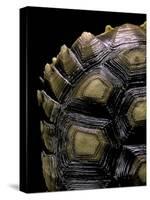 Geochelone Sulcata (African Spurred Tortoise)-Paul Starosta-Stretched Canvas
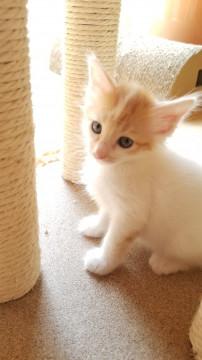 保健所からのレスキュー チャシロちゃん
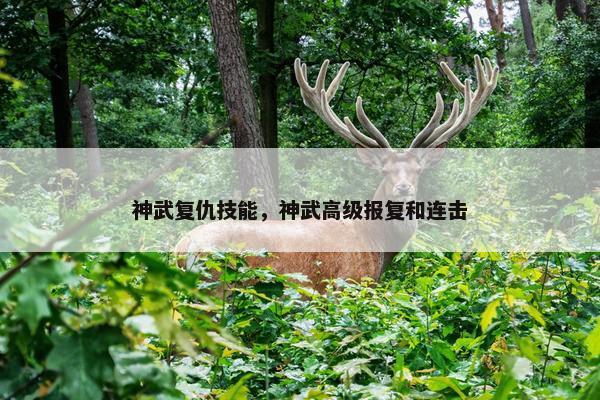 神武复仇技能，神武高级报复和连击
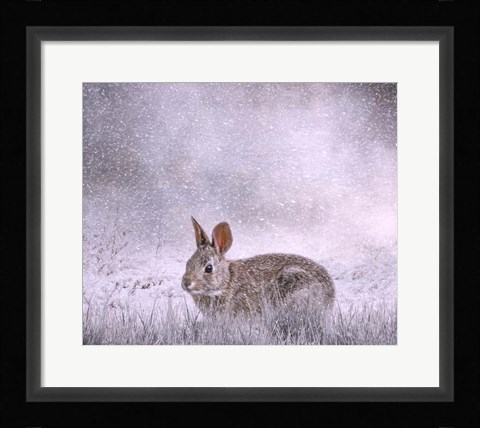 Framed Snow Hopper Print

^^^^^^^^

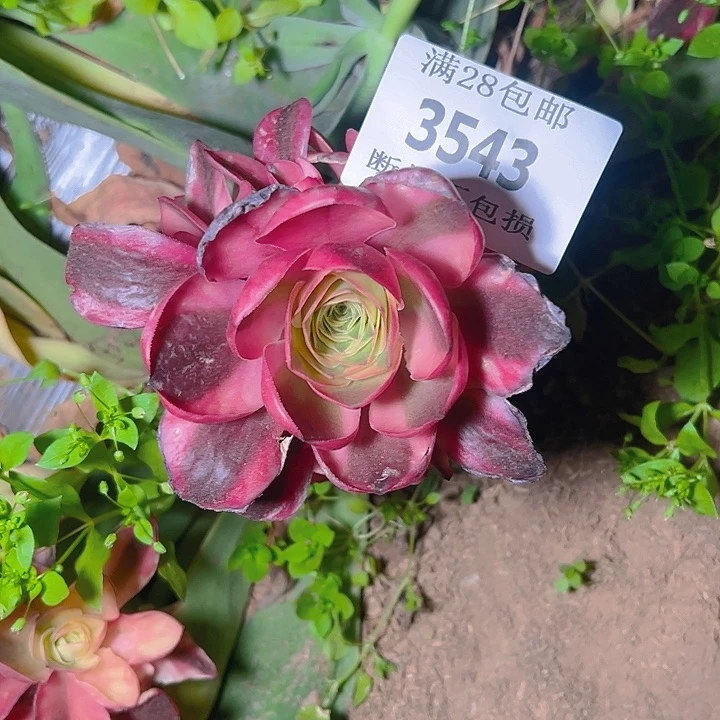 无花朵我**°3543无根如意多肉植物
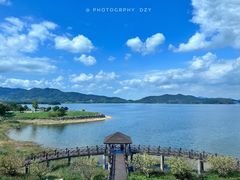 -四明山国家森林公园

^^^^^^^^

§ **TASK BRIEF**
Exact copy, pictures excluded: every line above from the one containing "Geochelone Sulcata (African" to the one containing "Framed Snow Hopper Print", inclusive, and nothing more.

§ **OUTPUT**
 Geochelone Sulcata (African Spurred Tortoise)-Paul Starosta-Stretched Canvas
 保健所からのレスキュー チャシロちゃん
 神武复仇技能，神武高级报复和连击
 Framed Snow Hopper Print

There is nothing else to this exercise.